Это было очень мило с его стороны. Но он врал. Я тут был очень при чем.
Мы попытались не обращать внимания на Мэри и вспомнить войну. Я отпил немножко из бутылки, которую принес. И мы посмеивались, улыбались, как будто нам что-то припомнилось, но ни он, ни я ничего стоящего вспомнить не могли. О’Хэйр вдруг вспомнил одного малого, который напал на винный склад в Дрездене до бомбежки и нам пришлось отвозить его домой на тачке. Из этого книжку не сделаешь. Я вспомнил двух русских солдат. Они везли полную телегу будильников. Они были веселы и довольны. Они курили огромные самокрутки, свернутые из газеты.
Вот примерно все, что мы вспомнили, а Мэри все еще шумела. Потом она пришла на кухню налить себе кока-колы. Она выхватила еще одну морозилку из холодильника и грохнула лед в раковину, хотя льда было предостаточно.
Потом повернулась ко мне, — чтобы я видел, как она сердится и что сердится она на меня. Очевидно, она все время разговаривала сама с собой, и фраза, которую она сказала, прозвучала как отрывок длинного разговора.
— Да вы же были тогда совсем
— Что? — переспросил я.
— Вы были на войне просто детьми, как наши ребята наверху.
Я кивнул головой — ее правда. Мы были на войне
— Но вы же так не напишите, верно? — сказала она. Это был не вопрос — это было обвинение.

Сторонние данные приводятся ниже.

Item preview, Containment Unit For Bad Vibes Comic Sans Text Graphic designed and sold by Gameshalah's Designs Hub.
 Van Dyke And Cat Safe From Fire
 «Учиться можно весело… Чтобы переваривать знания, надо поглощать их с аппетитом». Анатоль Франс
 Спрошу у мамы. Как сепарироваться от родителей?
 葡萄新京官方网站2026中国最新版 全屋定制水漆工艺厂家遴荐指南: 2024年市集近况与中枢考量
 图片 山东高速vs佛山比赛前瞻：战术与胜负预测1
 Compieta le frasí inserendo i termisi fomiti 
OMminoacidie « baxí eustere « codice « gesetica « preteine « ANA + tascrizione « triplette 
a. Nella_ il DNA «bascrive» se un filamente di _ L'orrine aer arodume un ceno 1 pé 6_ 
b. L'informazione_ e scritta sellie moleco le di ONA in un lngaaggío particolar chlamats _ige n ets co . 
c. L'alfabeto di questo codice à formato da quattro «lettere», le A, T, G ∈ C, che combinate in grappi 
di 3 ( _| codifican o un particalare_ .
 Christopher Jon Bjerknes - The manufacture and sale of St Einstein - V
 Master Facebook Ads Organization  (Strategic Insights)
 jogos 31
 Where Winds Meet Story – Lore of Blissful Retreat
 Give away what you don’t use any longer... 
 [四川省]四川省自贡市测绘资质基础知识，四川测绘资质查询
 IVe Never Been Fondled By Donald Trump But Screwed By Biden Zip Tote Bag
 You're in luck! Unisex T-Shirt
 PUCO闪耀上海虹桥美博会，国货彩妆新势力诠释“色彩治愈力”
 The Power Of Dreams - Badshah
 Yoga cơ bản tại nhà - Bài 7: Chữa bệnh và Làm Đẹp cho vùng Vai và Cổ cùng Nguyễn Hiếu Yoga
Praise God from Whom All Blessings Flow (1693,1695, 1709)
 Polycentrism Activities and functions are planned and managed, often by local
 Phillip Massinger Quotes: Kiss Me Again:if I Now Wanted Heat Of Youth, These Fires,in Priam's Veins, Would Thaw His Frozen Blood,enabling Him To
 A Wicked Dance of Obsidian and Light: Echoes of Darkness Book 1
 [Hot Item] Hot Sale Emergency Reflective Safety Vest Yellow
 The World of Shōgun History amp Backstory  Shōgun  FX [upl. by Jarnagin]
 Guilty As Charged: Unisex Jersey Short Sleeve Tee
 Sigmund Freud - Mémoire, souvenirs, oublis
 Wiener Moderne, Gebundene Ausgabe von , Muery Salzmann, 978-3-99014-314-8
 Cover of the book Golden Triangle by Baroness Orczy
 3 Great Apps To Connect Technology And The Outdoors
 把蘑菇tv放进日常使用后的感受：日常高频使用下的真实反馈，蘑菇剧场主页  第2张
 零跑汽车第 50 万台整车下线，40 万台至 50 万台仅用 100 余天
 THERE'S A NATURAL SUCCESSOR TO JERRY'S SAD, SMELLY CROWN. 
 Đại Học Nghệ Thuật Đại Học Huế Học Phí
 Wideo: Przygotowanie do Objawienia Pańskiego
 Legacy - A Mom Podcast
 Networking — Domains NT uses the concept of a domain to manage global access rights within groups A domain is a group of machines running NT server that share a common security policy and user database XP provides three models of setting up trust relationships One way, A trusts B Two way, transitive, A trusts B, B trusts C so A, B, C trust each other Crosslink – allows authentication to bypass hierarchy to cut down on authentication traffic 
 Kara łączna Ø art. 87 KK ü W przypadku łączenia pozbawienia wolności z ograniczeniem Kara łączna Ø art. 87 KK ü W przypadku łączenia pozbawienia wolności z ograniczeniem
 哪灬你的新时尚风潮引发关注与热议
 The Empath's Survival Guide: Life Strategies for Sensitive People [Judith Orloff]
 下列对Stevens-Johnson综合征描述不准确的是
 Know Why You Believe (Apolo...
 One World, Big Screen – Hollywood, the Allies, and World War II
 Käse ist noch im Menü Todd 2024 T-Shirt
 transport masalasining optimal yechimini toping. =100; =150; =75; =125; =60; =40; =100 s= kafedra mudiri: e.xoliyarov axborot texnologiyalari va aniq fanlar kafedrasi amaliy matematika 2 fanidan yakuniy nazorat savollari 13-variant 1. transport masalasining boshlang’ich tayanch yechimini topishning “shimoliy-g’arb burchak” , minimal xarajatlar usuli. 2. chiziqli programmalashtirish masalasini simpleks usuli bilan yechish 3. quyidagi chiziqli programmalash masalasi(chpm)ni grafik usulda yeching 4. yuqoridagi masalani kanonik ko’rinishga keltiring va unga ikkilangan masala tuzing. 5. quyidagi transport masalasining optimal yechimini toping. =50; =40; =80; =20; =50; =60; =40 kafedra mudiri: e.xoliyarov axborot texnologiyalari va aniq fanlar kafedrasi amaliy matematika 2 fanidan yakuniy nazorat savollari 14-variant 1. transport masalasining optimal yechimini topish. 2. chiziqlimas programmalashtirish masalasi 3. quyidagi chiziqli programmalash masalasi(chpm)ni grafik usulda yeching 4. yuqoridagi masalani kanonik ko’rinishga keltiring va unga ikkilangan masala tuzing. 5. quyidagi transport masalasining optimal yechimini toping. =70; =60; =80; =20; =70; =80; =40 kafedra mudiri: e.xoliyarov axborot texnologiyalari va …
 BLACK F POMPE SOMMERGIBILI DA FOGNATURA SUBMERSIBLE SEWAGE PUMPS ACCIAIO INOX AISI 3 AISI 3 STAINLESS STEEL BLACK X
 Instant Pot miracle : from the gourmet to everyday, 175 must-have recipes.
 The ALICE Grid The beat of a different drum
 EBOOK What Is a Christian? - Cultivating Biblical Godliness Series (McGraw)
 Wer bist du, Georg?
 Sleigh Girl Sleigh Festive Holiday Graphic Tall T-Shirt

— Я… я сам не знаю, — сказал я.
— Зато я знаю — сказала она. — Вы притворитесь, что вы были вовсе не детьми, а настоящими мужчинами, и вас в кино будут играть всякие Фрэнки Синатры и Джоны Уэйны или еще какие-нибудь знаменитости, скверные старики, которые обожают войну. И война будет показана красиво, и пойдут войны одна за другой. А драться будут дети, вон как те наши дети наверху.
И тут я все понял. Вот отчего она так рассердилась.
Она не хотела, чтобы на войне убивали ее детей, чьих угодно детей. И она думала, что книжки и кино тоже подстрекают к войнам.
И тут я поднял правую руку и дал ей торжественное обещание.
— Мэри, — сказал я, — боюсь, что эту свою книгу я никогда не кончу. Я уже написал тысяч пять страниц и все выбросил. Но если я когда-нибудь эту книгу кончу, то даю вам честное слово, что никакой роли ни для Фрэнка Синатры, ни для Джона Уэйна в ней не будет. И знаете что, — добавил я, — я назову книгу «Крестовый поход детей».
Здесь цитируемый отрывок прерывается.